* Work instruction *
In the records below, find the line that holds "Red Bull döntő megbeszélése Sergio Perez". Restate it and every later line exactly, stopping at the end and skipping pictures.
Material for this task START
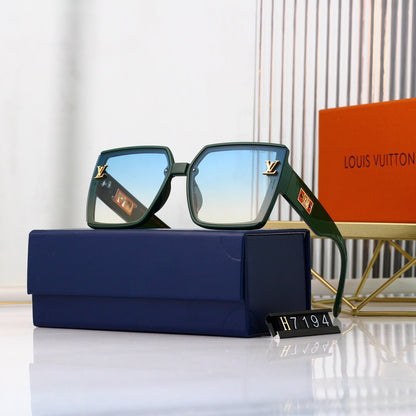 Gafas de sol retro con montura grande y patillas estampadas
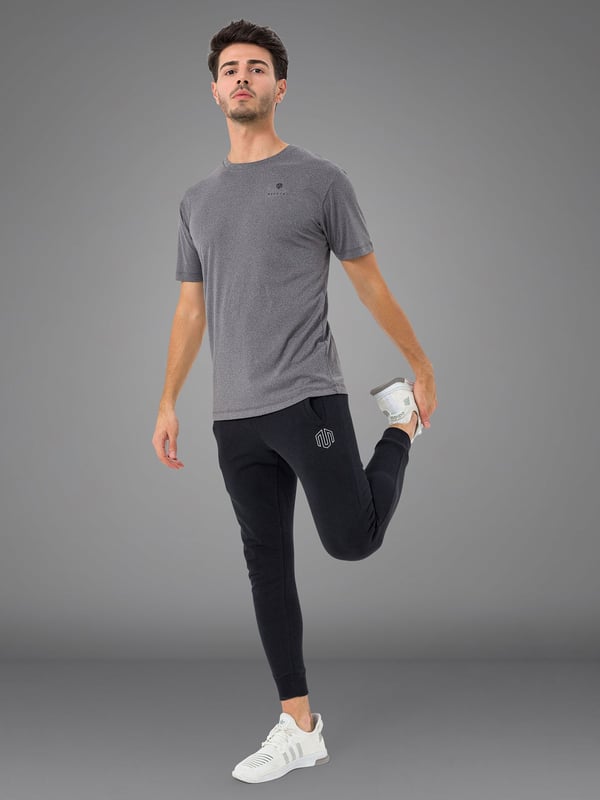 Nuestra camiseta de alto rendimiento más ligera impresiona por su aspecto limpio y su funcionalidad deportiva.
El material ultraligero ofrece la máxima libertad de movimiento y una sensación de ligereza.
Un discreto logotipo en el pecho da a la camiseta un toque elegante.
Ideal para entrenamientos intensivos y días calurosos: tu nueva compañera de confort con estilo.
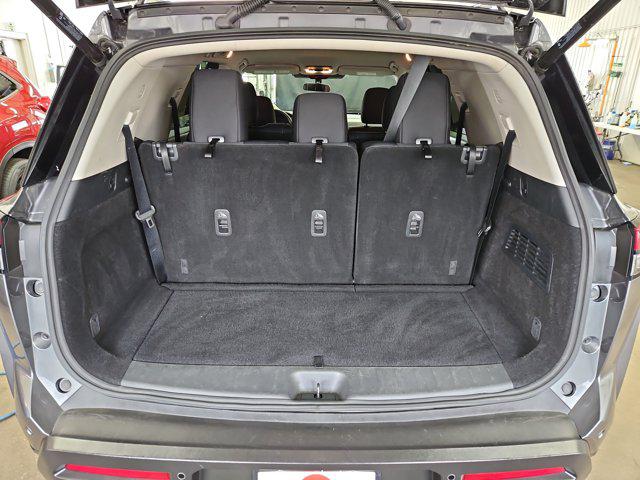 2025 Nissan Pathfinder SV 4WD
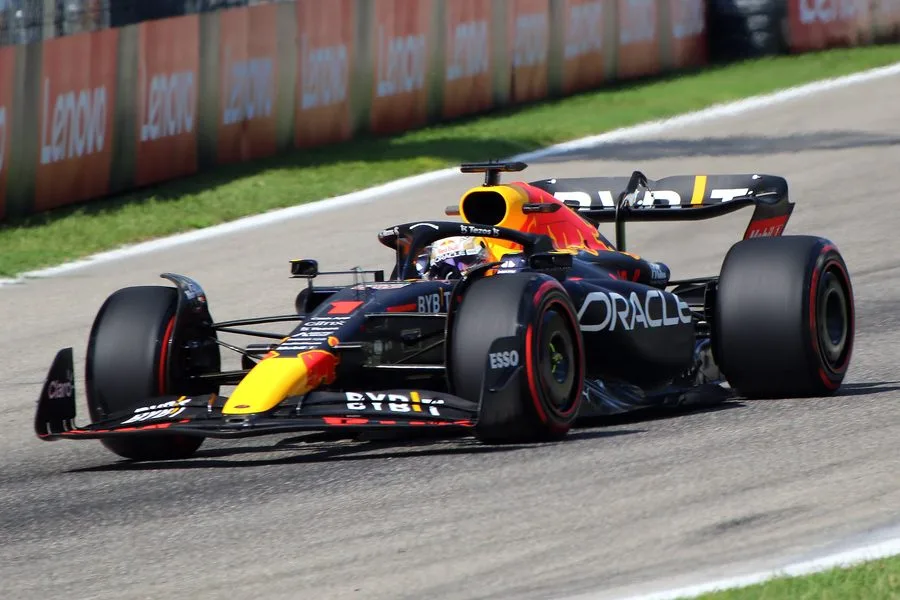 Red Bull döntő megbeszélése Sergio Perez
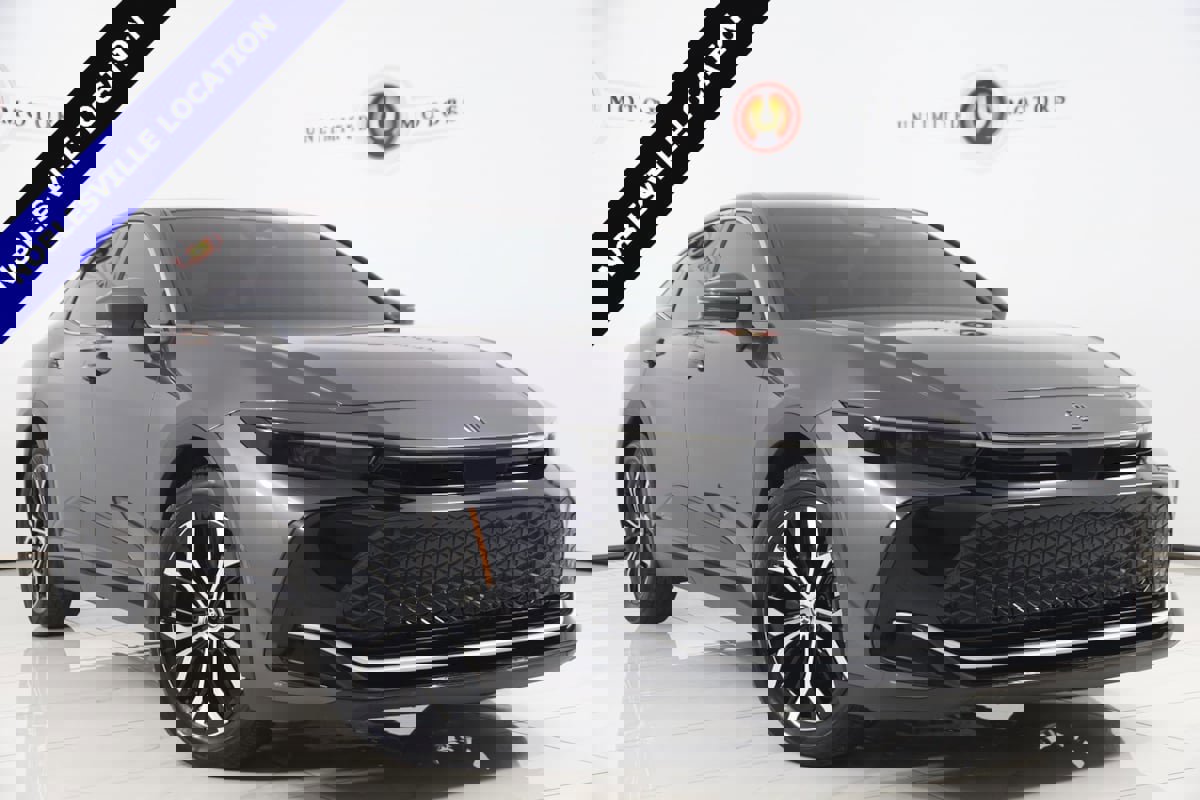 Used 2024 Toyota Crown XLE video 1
Material for this task END
* Solution to this problem *
 Red Bull döntő megbeszélése Sergio Perez
 Used 2024 Toyota Crown XLE video 1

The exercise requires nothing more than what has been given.